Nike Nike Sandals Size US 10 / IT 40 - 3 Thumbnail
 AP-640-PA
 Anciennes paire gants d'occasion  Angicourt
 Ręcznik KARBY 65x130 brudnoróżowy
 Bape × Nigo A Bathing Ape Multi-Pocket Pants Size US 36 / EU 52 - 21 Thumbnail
##############################
Every record shown above should be given back exactly.

Nike Nike Sandals Size US 10 / IT 40 - 3 Thumbnail
 AP-640-PA
 Anciennes paire gants d'occasion  Angicourt
 Ręcznik KARBY 65x130 brudnoróżowy
 Bape × Nigo A Bathing Ape Multi-Pocket Pants Size US 36 / EU 52 - 21 Thumbnail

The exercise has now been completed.